Whole tails should be rinsed and dried before cooking. When cutting open the shell you may notice a dark line running down the center of the flesh. That’s the digestive tract and it needs to be removed. Wash and dry after cleaning.
Butterflied lobster tail
The most elegant and impressive way to cut and prepare the tail is to butterfly the lobster. Cut the tail down the middle, open up the shell and pull the meat out. Just make sure to leave a small part attached at the end of the tail fin.
The meat is then layered on top of the shell. When cooked the shell appears to be reconnected with the meat gorgeously sitting on the top. This makes it much easier to season the flesh and eat it too!
Depending on the cooking method, you can season the meat before or after it’s cooked, or both! When broiled, grilled, or steamed, brush the flesh with melted butter and sprinkle with salt, pepper, paprika, or your desired seasonings. When boiling the lobster, remove it from the shell and season or serve with melted butter and lemon wedges.
Boiled lobster tail
Cook whole uncut lobster tails in boiling salted water. Boiling efficiently cooks and tenderizes the flesh, however, it can dilute some of the briny flavors. That’s why I add some salt to the water for seasoning. This is also a great way to parboil large lobster tails before broiling or grilling to kick start the cooking so that the meat cooks more evenly, and prevents over-cooking.
Add enough water to a large pot to cover the lobster tails. Bring the water to a boil, then carefully add the tails to the pot. Cook until the meat is translucent, pinkish-white, and shells are red, about 1 minute per ounce. Drain and allow to cool just enough to handle before opening the shell to remove the meat.
Steamed lobster tail
Steaming is a quick way to cook the lobster using superheated moist steam. The high heat effectively cooks and releases the meat from the shell, making it easier to remove if left inside. The meat can be kept in the shell, then shell cut open, or shell cut open and meat placed on top.
The only downside is that this method yields a bland flavor, which can then be seasoned further after cooking. It only takes about 45 to 60 seconds of cooking time per ounce. Keep a close eye on the lobster, it can overcook easily if left too long.
Baked lobster tail
Prepare lobster tails by splitting them in half with a chef’s knife, or cutting the top of the shell down the center and placing the flesh on top for a more attractive presentation.

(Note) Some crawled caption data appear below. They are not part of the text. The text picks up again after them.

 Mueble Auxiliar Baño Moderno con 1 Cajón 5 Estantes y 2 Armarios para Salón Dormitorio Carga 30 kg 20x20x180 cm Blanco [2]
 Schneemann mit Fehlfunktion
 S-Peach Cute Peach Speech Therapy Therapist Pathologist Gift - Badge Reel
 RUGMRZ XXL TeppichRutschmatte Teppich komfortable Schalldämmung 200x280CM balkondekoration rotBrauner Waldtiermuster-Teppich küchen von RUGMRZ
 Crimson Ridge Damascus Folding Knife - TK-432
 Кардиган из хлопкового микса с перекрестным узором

The tails are cooked in a baking dish at 425ºF (218ºC) with a small amount of water or wine.
Baking with water on the bottom of the pan in the oven gently steams the lobster, giving a tender almost poached texture. This works great for larger sized lobster tails that need more time to cook. It takes about 1 to 2 minutes per ounce to fully cook using this method.
Broiled lobster tail
Cut the tails in half or butterfly and place the meat on top of the shell. Place the baking sheet about 10-inches away from the top of the broiling element. Due to the high heat radiating from the broiler, the shell and meat lightly brown, adding in new layers of flavor.

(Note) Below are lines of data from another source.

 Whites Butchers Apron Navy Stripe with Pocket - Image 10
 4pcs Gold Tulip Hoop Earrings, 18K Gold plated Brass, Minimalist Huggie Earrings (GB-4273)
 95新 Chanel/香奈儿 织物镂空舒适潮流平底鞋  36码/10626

The dry heat cooks the meat very quickly, so make sure to frequently check for doneness after every minute of cooking time. About 1 minute per ounce of lobster tail.
Grilled lobster tail
Prepare the lobster tails by either cutting them in half down the center into two pieces, cut down the center with meat left inside, or butterfly the tails to have the meat placed on top. A skewer can also be placed through the center of the halved tails to prevent the seafood from curling.
Preheat the grill then cook the lobster tails over direct medium heat between 350 to 400ºF (177 to 204ºC). Place the lobster cut side down first for 4 to 5 minutes then flip over to finish.
If butterflied, leave the flesh side up the entire time. This method provides a nice smoky charred flavor. You can also cook butterflied lobster tails on a cedar plank for extra flavor.